Owocem wspólnego wysiłku jest Hyundai i20 o (na razie) nieznanym silniku i osiągach. Żeby wyróżnić go z tłumu tuner dokonał kilku drobnych przeróbek, z których najciekawsze to dodanie świateł do jazdy dziennej w zderzaku, przyciemnienie niektórych szyb i kloszy tylnych reflektorów oraz montaż 17-calowych felg z oponami Yokohama.
We wnętrzu znalazły się sportowe fotele Recaro, tapicerka i dźwignia zmiany biegów ze skóry, 7-calowy dotykowy ekran nawigacji i dywaniki. Nieco natarczywy kolor skórzanych dodatków może być podyktowany chęcią „pokazania się” na salonie w Paryżu. Na progach auta są nakładki ochronne z napisem Hyundai, a nie Brabus jakby się można było spodziewać.
Jak zauważycie oglądając zdjęcia, na samochodzie nigdzie nie ma znaczków Brabusa. Może to sugerować, że w ofercie Brabusa oficjalnie nie będzie pozycji pod tytułem „Tuning Hyundaia”, za to koreańska marka będzie podkreślać, że współpracowała z kimś z górnej półki.
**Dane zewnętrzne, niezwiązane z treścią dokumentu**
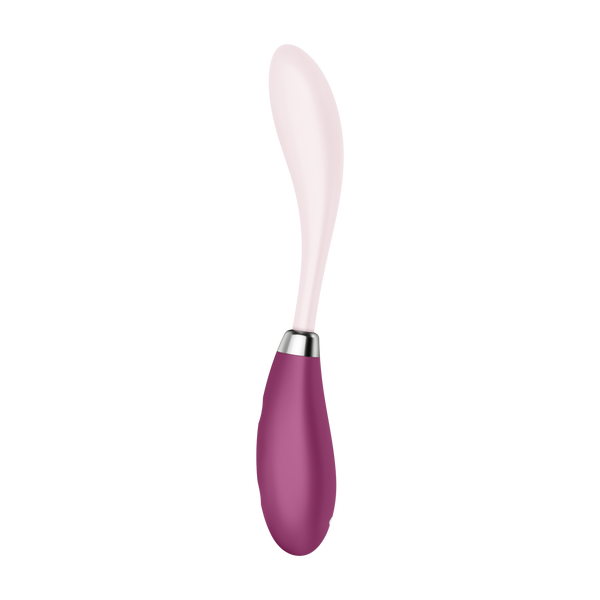 Вібратор Satisfyer G-Spot Flex 3 red 4043814 фото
Auto ma się nazywać Hyundai i20 Sport Edition, jego produkcja ma być limitowana, ale samochód będzie dostępny zarówno w 3-, jak i 5-drzwiowej wersji. Auto będzie produkowane w Indiach i Turcji, a na rynku pojawi się w pierwszej połowie przyszłego roku. Więcej szczegółów poznamy wkrótce.